The 1984 movie John Carpenter got paid for not making: “He took the money and bought a helicopter”
The idea of being paid in full for not doing your job sounds fantastic, in all honesty, and John Carpenter was happy to take the money and run when he was pushed out of a potential directorial effort.
Not only that, but the filmmaker was paid so much for not doing the thing that he’d been hired to do that he bought a helicopter, which is one way of enjoying the fruits of a labour that never happened. He was entitled to do it, though, since he was smart enough to make sure the small print was ironclad.
In theory, if you were making a movie based on something created by one of the most iconic and formidable names in horror, you could do much worse than go with one of the most iconic and formidable names in horror to helm the feature-length adaptation, which was the original plan.

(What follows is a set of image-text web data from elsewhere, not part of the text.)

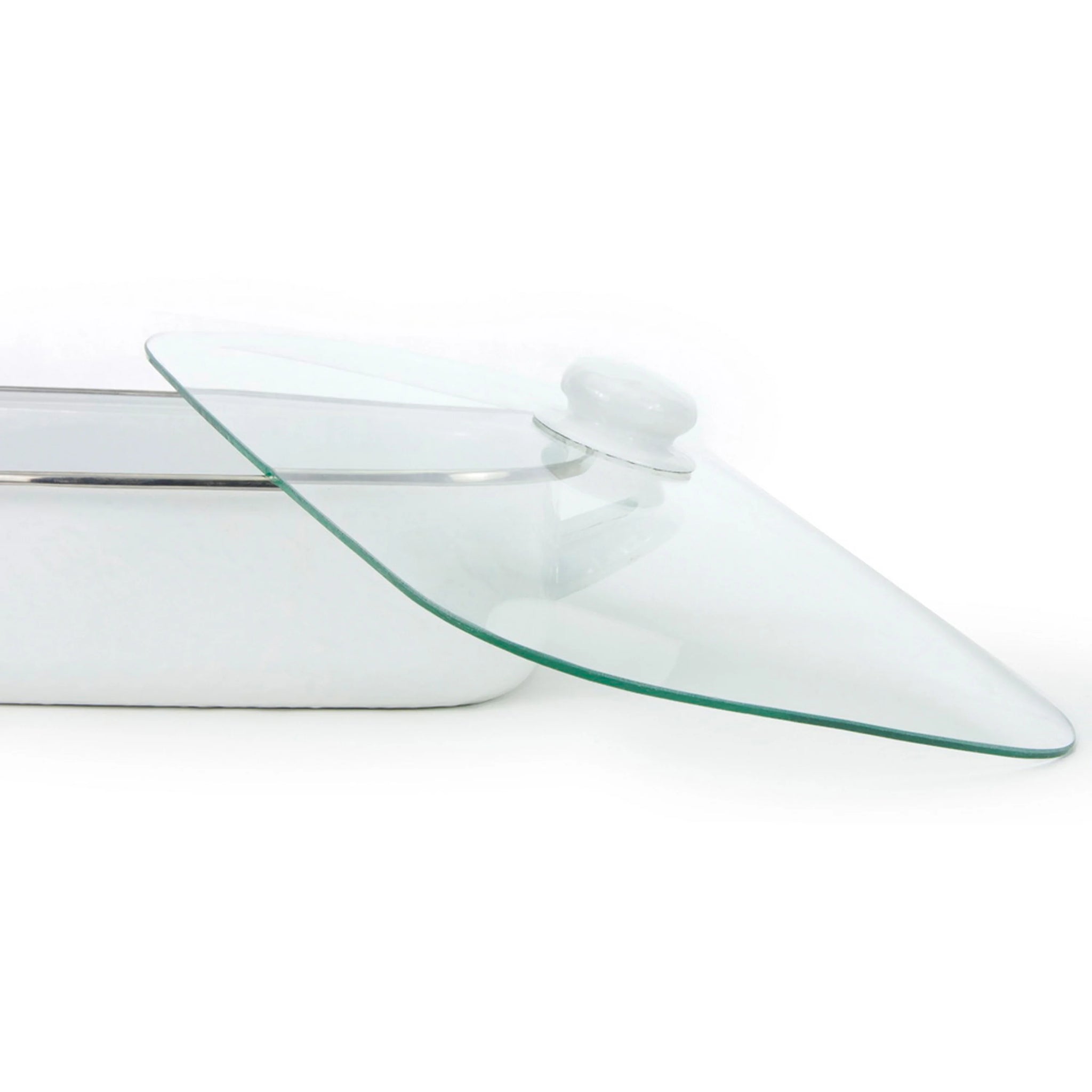 Enamelware Roasting Pan with Glass Lid - 10.5 Quart -White Swirl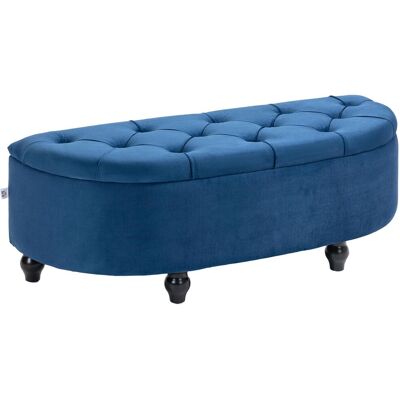 OEM Pouf De Rangement Coffre 2 En 1 - Pouf Capitonné Demi-cercle - Pieds Bois Hévéa Noir Revêtement Velours Bleu - Publicité OEM Pouf De Rangement Coffre 2 En 1 - Pouf Capitonné Demi-cercle - Pieds Bois Hévéa Noir Revêtement Velours Bleu - Publicité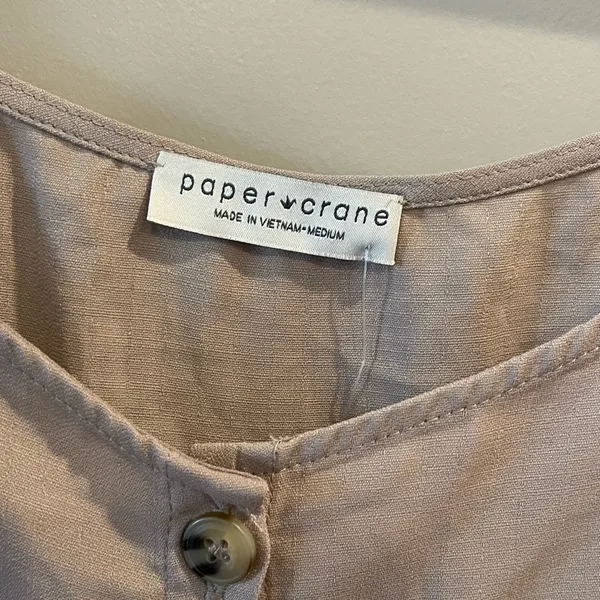 Taupe Button-Down Top - Image 2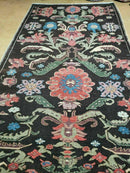 4' 5" X 16' 1" Antique Karabagh Caucasian Rug Handmade Wool Carpet Organic Dye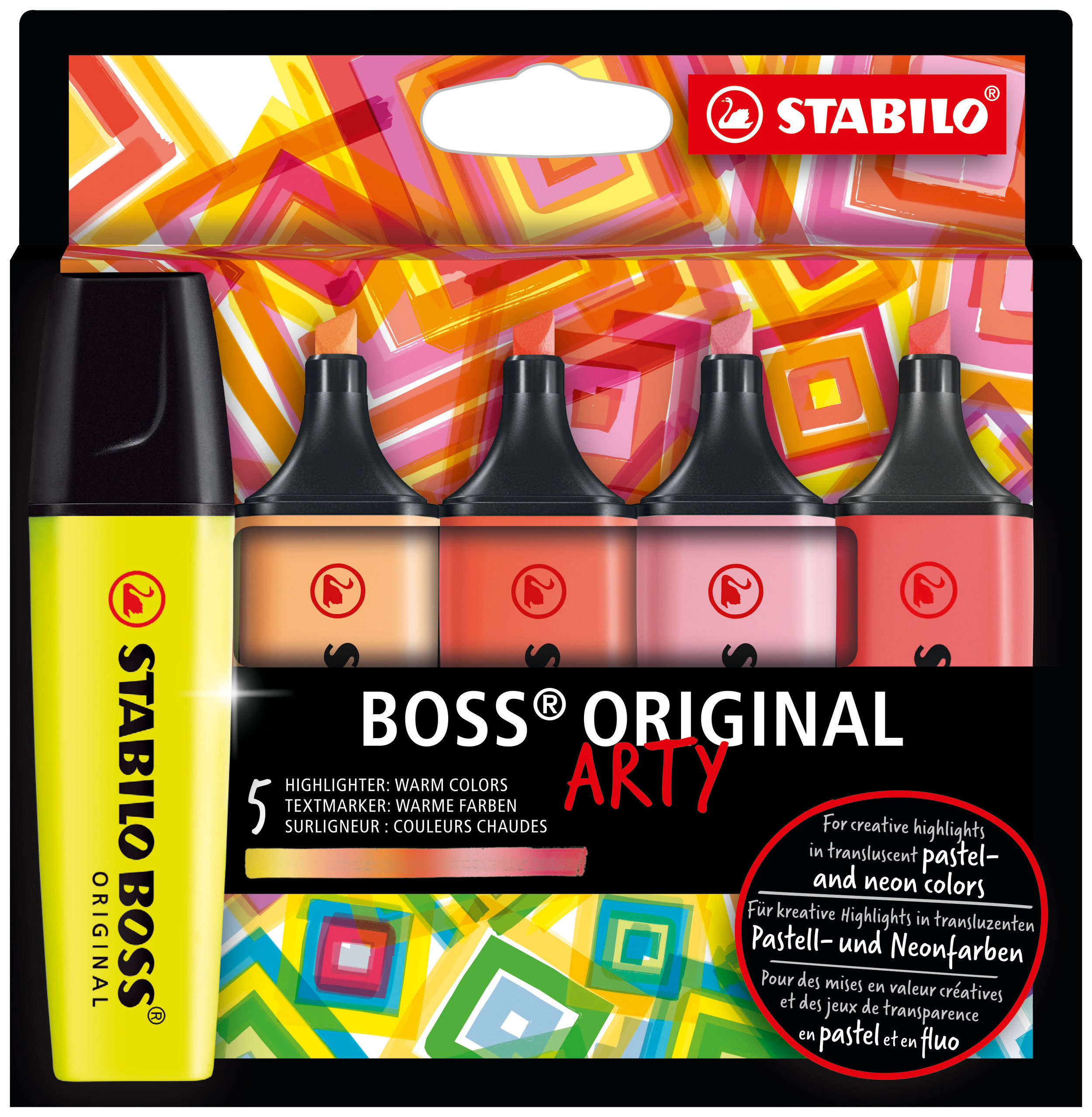 STABILO BOSS Markeerstift Original Arty 5 stuks - Warme Kleuren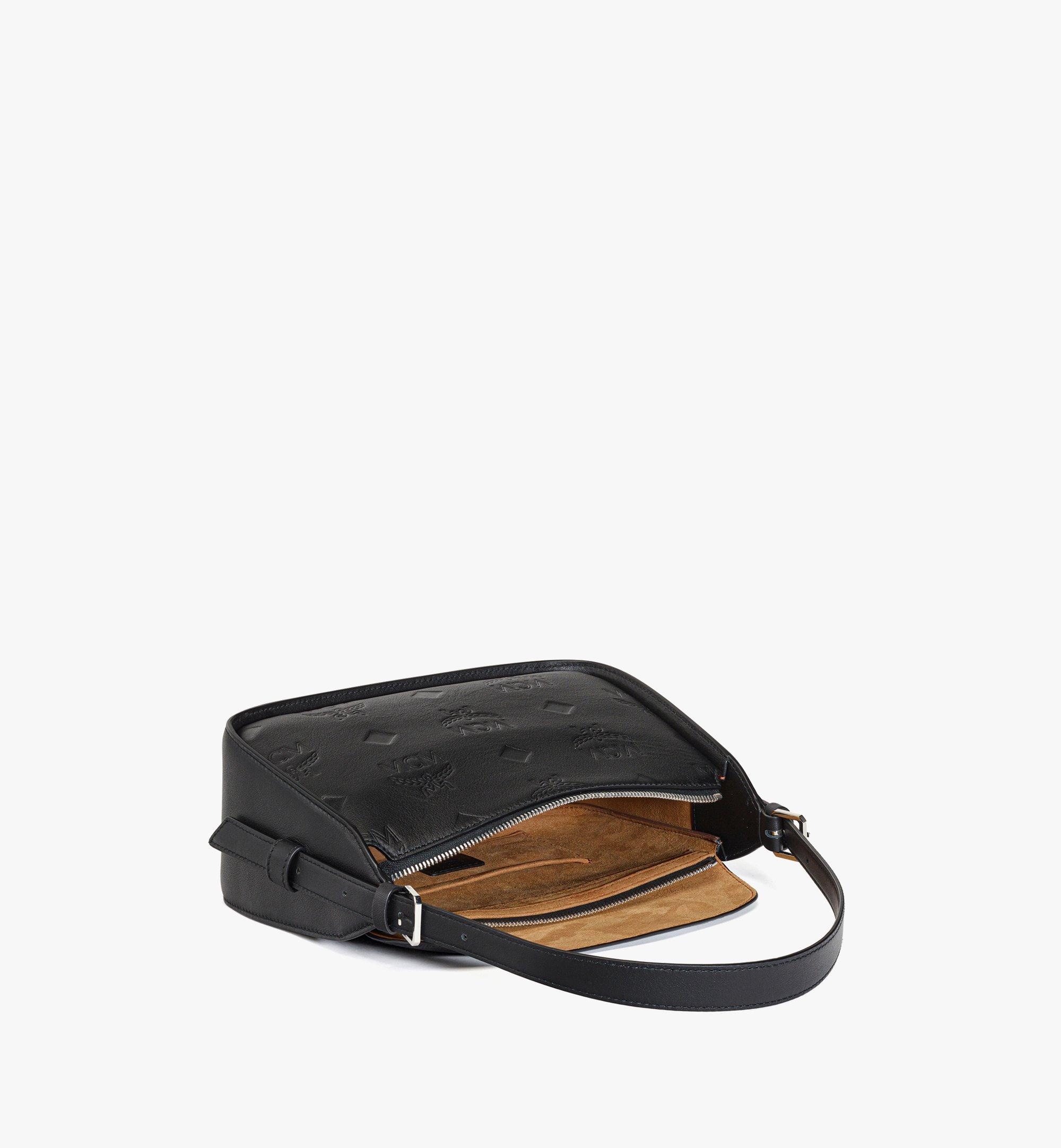 Aren Flap Hobo Bag in Embossed Monogram Leather - 3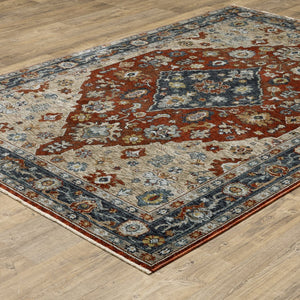 Oriental Weavers Aberdeen Indoor Area Rug - Exquisite Heirloom Design, Soft Polyester, Bohemian Charm, Jewel Tones Rust,Blue Polyester A1143h060092st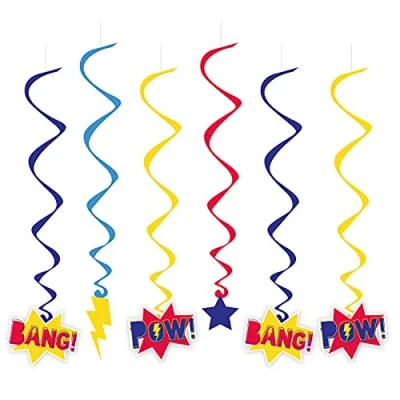 Image of Amscan 9909094 Superhero Kids Birthday Party Hanging Swirls Decorations 6 Pack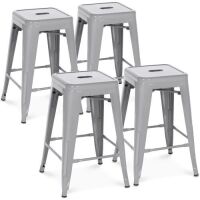 24"&nbsp;Set of 4 Indoor Outdoor Stackable Backless Counter Height Stools - Silver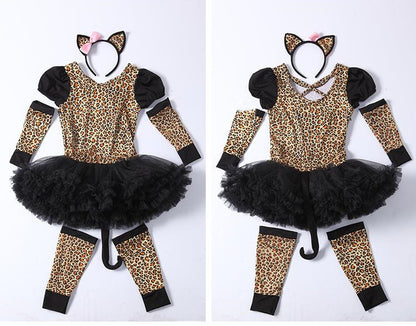 Kids Halloween Leopard Cat Cosplay Costume
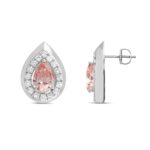 ETERNAL BLUSH COLLECTION LADIES EARRINGS 1 1/3CT ROUND/PEAR DIAMOND 14K WHITE GOLD (CENTER STONE PINK PEAR DIAMOND 1CT) - Image 2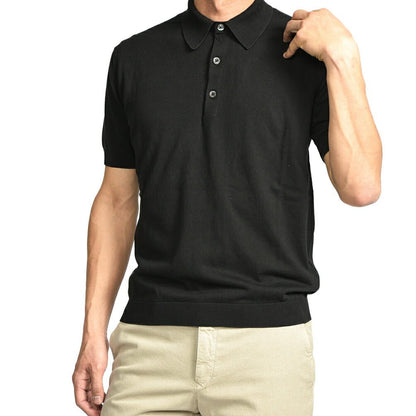 26SS CIRCOLO 1901 コットン100% 半袖ニットポロシャツ ブラック(nero) XS | GUARDAROBA MILANO OFFICIAL STORE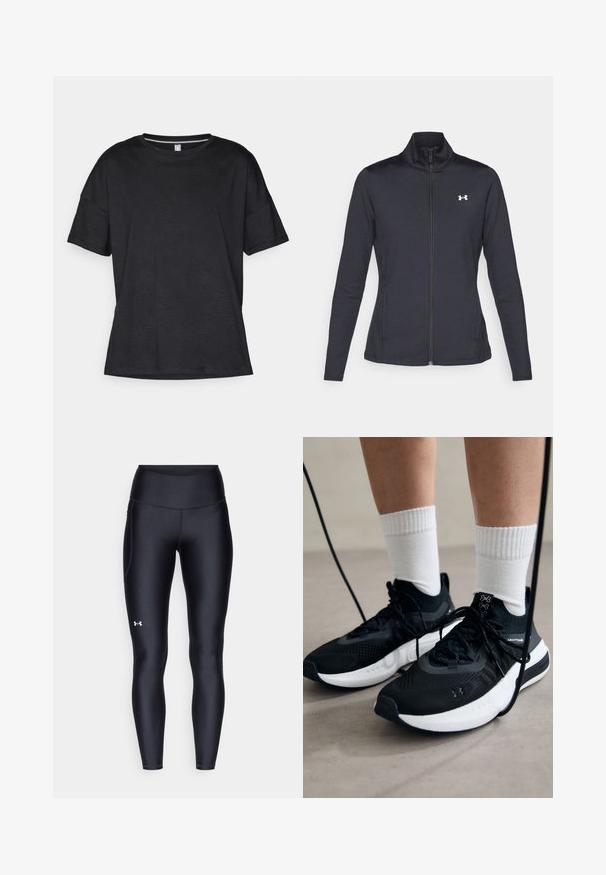 Melnās sporta jakas izgatavotas no gludas, elastīgas auduma ar augstu apkakli un pilnu rāvējslēdzēju, ar nelielu baltu logo augšējā kreisajā pusē.; Melna īsām piedurknēm T-krekls, izgatavots no teksturēta materiāla ar smalku viļņu rakstu, ar apaļu kakla izgriezumu un brīvu piegriezumu.; Melnas leginses, kas izgatavotas no gluda, elastīga materiāla ar augstām jostām. Ir balta logo kreisajā augšstilbā un pieguļoša piegriezuma dizains.; Melni sporta apavi ar strukturētu audumu, balta zole un melni šņores. Valkāti ar baltām ribotām zeķēm, stāvot uz gaišas virsmas.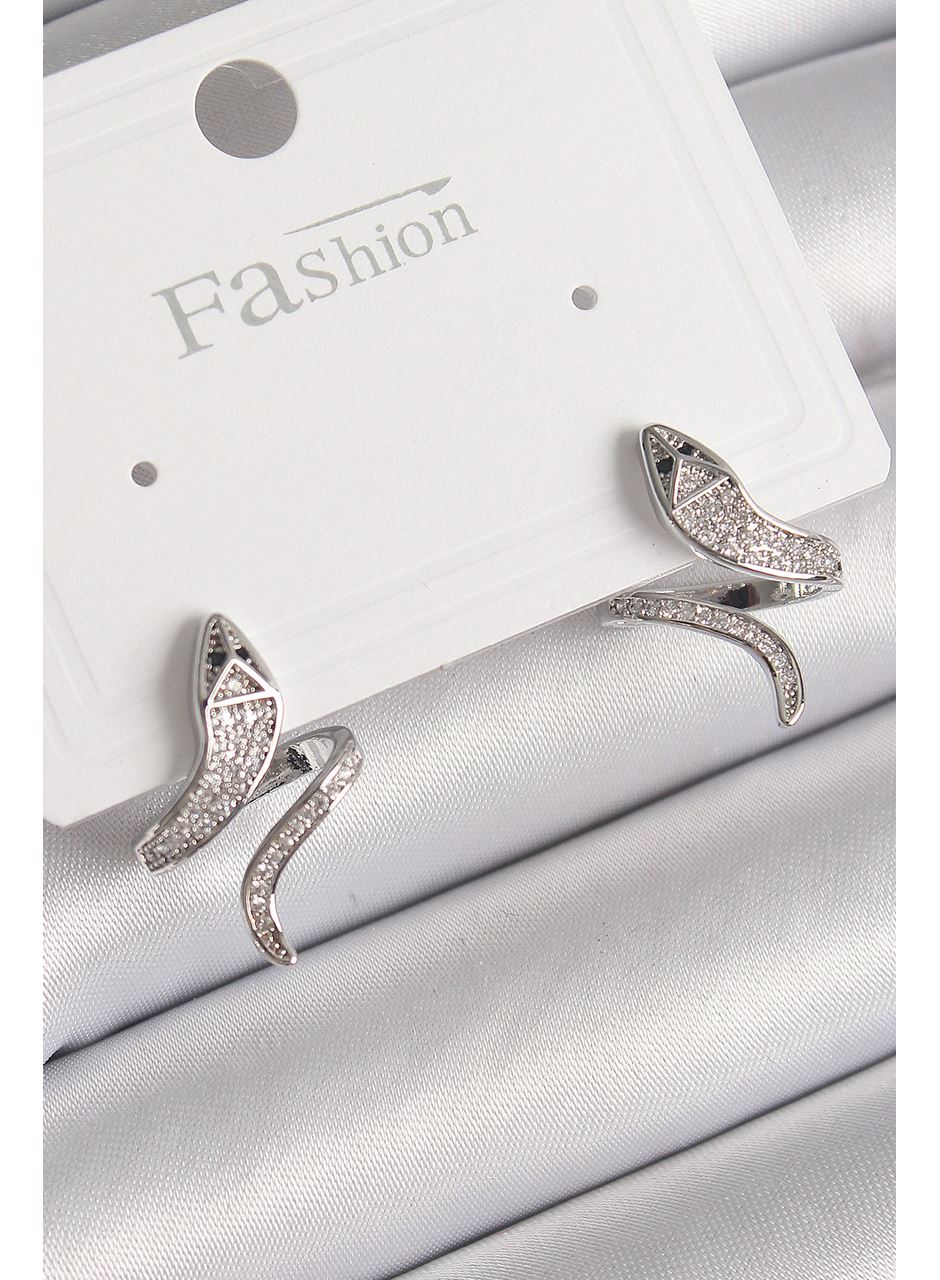 Pirinç Gümüş Renk Zirkon Taşlı Yılan Model Kadın Küpe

During shooting on The Thing, Universal decided that it wanted to stay in the Carpenter business and offered him the reins on Stephen King’s Firestarter. The tale of a pyrokinetic tyke trying to outwit, outrun, and outlast the shady government forces trying to capture and control her seemed tailor-made for his sensibilities, and he agreed.
The Halloween and Escape from New York mastermind signed on the dotted line, but when The Thing arrived in cinemas to withering early reviews and barely broke even, the studio changed its mind. Suddenly, they weren’t as sold as they had been a few months previously, but at least the director had an out.
“John had a pay-or-play deal, which meant that whether Universal made the film or not, he would get paid,” screenwriter Bill Phillips explained. When his seminal sci-fi horror film flopped, “They decided that since John is very good at delivering low-budget films, they would cut the budget from $27 million to $15 million.”
Under most circumstances, a filmmaker would have no choice but to acquiesce to their paymaster’s demands, but in this case, Carpenter stood his ground because he could. “Since John didn’t have to agree to that, he didn’t,” Phillips added. “He took the money, and with it bought a Bell Jet LongRanger helicopter, which he later rented out to the LA Olympics.”
He may have lost out on a job, but he nonetheless collected a significant enough paycheque to purchase himself a brand new chopper, which is a decent enough compromise. Firestarter would have been much better off with him than without, since King would summarise it as one of his least favourite adaptations of his work, and there’s been quite a few of those.
Carpenter didn’t want to make the movie with less of a budget than initially agreed, and as Phillips remembered, “When the Universal bean counters wanted him to cut corners, he decided he wouldn’t.” That’s fair, especially when he knew he’d be handsomely rewarded for his efforts, whether he made it or not.